I spent two weeks crisscrossing America during this World Cup. I ate ribs in Houston, watched Scotland fans play bagpipes outside Fenway Park, and stood in the JFK museum in Dallas while a guy in a Luton Town shirt blocked the view of the sixth-floor window. That part, at least, felt uniquely American. You cannot plan for it.
The tournament is a strange fit here. In Los Angeles, I met a breakfast burrito chef who didn’t know the U.S. was playing 10 minutes down the road the next night. A taxi driver in a Mexico shirt didn’t speak English and seemed confused when I told him Londoners don’t speak Spanish. At SoFi Stadium, the pitch sits so deep below ground level you feel like you’re looking at a lost city. The place is enormous. Most British stadiums feel like toys by comparison.

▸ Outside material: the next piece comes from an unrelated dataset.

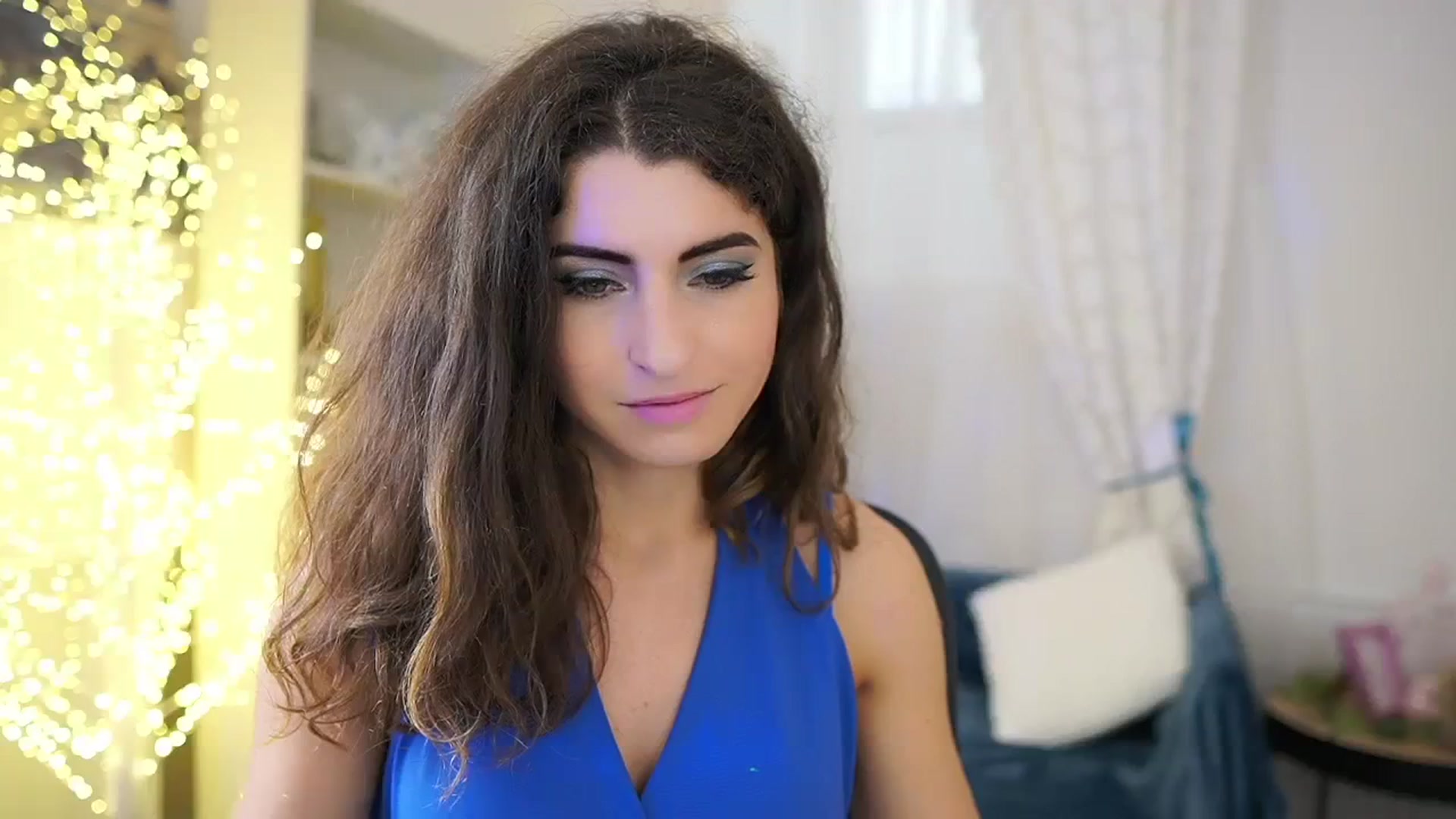 Gallery image thumbnail from EVA__LOVIA_'s myfreecams stream on, 10/08/2023, 11:45 image 12 of 20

The Welcome Mat and the Culture Shock
Houston is a different beast. No pedestrians. Just freeways and parking lots and flat-roofed buildings that stretch to the horizon. My Uber driver from the airport was a 6-foot-7 basketball coach who teaches pre-1800s history in Boston. The next one was a staunch Republican, son of a pastor, who spent 20 minutes explaining why Donald Trump was right about everything and ended the ride by recommending three hot cryptocurrencies. I nodded along. I did not argue. In Texas, you don’t know who’s carrying.

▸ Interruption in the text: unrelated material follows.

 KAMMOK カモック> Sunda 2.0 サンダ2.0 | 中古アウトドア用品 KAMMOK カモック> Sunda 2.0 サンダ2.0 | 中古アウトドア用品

The rain in Houston hit like a freight train. I left my Airbnb in bright sun and watched mega-clouds form in real time. By the time my taxi reached NRG Stadium, the drops were the size of Evian bottles slapping the roof. I ran through a parking lot in a half-drenched shirt. A security guard handed me a poncho like it was prison contraband. I almost hugged him.
Soccer vs. Everything Else
The games themselves are spectacles. Germany vs. Curacao in NRG Stadium, a place that celebrates NFL mediocrity, country singers, and monster trucks on its walls. England vs. Croatia in the Dallas Cowboys’ stadium, which looks like a giant football resting on the riverbank. The stands are steep enough to trigger vertigo. The security is military-grade. One guard tapped his headset and told me he had a direct line to command when my bag wasn’t transparent enough. I waited 20 minutes in the Dallas heat while a steward sent me on a perimeter march, only to learn the media entrance was exactly where I’d started. My skin felt like bacon under a grill.

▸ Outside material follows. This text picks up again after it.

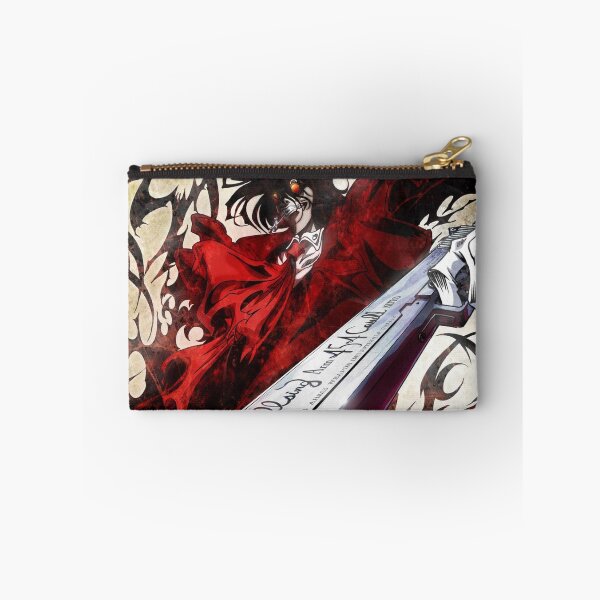Item preview, Hellsing Ultimate, Alucard designed and sold by Fligymajig2002.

Interest in soccer outside the stadiums is thin. It’s a niche sport here, growing in pockets but dwarfed by the NFL and NBA. And yet something weird happens when the World Cup arrives. Dutch Americans turned Houston orange. Senegalese and French fans watched a game on a giant screen in downtown Dallas while Stuart Pearce tried to eat lunch. A taxi driver in Dallas knew nothing about football but was giddy at the idea of drunk England fans wrecking bars later that night. She talked about flying to Boston to drink with Scots. ‘If anything can bring about world peace,’ she said, ‘it’s the World Cup.’ She was only half-joking.